2025-12-11T11:46:41Z ERR claudie_test.go:138 > Error in test sets test-set1 error="error while performing additional test for manifest 1.yaml from test-set1 : error while checking if all pods from longhorn-system are ready in cluster ts1-ovh-cluster-test-set-no1: pods in longhorn-system took too long to initialize in cluster ts1-ovh-cluster-test-set-no1" module=testing-framework
Specifically, the longhorn-driver-deployer was crashlooping because the kubelet on a node running this pod didn't have a server certificate.
longhorn-driver-deployer-69c7675c65-q9qq8 0/1 CrashLoopBackOff 33 (102s ago) 124m
Logs from kubelet
pod_workers.go:1324] "Error syncing pod, skipping" err="failed to \"StartContainer\" for \"longhorn-driver-deployer\" with CrashLoopBackOff: \"back-off 5m0s restarting f>
1 12:03:38.697235 8513 ???:1] "http: TLS handshake error from 192.168.2.1:52576: no serving certificate available for the kubelet"
You can see below that there was only a client certificate.

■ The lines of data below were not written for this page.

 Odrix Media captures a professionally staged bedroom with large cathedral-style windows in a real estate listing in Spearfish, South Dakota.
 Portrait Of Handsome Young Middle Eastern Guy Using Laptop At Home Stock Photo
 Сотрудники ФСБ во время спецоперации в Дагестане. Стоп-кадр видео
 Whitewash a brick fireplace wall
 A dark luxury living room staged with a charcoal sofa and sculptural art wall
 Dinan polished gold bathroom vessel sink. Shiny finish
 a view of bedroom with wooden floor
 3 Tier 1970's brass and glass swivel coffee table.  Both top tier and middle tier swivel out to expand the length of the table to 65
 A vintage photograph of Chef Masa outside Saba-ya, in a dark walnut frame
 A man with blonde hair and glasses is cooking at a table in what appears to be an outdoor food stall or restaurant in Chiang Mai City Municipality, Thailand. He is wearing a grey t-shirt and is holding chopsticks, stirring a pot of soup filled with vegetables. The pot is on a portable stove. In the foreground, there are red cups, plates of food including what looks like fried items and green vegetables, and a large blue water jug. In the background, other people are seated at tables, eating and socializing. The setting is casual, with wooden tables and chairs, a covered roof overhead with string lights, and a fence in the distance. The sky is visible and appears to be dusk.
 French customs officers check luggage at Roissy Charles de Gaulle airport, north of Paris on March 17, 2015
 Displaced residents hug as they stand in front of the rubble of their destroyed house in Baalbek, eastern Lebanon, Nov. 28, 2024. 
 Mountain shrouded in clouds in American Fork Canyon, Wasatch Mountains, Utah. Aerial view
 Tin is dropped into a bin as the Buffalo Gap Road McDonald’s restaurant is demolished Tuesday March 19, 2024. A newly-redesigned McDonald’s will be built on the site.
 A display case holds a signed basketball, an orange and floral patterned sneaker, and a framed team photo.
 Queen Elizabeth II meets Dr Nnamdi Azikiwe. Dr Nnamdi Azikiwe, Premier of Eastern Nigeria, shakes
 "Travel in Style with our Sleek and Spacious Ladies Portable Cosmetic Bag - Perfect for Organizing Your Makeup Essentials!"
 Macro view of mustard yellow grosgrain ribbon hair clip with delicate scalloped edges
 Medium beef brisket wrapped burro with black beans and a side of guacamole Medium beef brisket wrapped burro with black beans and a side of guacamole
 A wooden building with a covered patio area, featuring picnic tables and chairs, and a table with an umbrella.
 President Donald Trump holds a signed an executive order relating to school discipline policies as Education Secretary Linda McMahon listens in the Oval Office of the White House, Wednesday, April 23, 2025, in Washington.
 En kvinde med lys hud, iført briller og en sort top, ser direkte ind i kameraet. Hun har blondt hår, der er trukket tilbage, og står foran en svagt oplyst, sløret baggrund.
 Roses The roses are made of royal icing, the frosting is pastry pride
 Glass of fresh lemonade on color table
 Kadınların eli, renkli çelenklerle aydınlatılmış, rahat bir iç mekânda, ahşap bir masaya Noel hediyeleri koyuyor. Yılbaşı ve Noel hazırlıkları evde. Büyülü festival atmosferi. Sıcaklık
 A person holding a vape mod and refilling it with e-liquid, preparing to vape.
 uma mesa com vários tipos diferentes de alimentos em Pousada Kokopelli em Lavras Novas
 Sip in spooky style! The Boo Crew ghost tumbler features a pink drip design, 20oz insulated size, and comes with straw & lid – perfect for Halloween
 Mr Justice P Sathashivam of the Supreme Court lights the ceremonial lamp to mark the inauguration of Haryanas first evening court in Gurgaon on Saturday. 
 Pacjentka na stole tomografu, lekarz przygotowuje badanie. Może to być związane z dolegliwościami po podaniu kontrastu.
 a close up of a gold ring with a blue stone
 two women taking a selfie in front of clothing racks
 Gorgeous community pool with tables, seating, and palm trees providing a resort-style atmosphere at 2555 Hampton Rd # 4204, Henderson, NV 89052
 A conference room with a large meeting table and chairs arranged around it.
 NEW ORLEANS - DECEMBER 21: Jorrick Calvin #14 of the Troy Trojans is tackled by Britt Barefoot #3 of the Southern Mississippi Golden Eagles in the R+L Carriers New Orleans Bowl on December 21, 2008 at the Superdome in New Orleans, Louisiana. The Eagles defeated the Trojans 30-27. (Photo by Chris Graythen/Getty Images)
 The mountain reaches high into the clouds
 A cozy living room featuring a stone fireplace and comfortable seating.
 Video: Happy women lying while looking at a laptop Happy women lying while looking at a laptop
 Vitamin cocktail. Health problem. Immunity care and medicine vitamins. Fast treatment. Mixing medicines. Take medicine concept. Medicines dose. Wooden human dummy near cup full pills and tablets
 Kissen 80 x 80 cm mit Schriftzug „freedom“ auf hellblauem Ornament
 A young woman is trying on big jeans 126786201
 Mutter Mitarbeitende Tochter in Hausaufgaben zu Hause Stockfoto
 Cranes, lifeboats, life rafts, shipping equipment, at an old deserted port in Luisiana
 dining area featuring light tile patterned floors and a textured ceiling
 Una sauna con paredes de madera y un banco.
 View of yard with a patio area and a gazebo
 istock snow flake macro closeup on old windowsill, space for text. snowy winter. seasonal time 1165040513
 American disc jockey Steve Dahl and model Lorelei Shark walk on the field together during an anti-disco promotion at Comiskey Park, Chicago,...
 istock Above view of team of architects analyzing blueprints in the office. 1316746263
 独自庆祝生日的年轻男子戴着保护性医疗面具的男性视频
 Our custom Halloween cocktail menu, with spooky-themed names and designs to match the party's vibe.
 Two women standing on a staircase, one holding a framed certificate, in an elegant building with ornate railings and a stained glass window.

root@ts1-ovh-cluster-test-set-no1-1a7itlo-ovh-cmpt-nodes-u48hs5d-01:~# ls /var/lib/kubelet/pki/
kubelet-client-2025-12-11-11-19-58.pem kubelet-client-current.pem
The K8s is responsible for issuing a server certificate, and I found a lot of Pending CertificateSigningRequests. Ultimately, I had to manually approve one of them to issue the server certificate for kubelet.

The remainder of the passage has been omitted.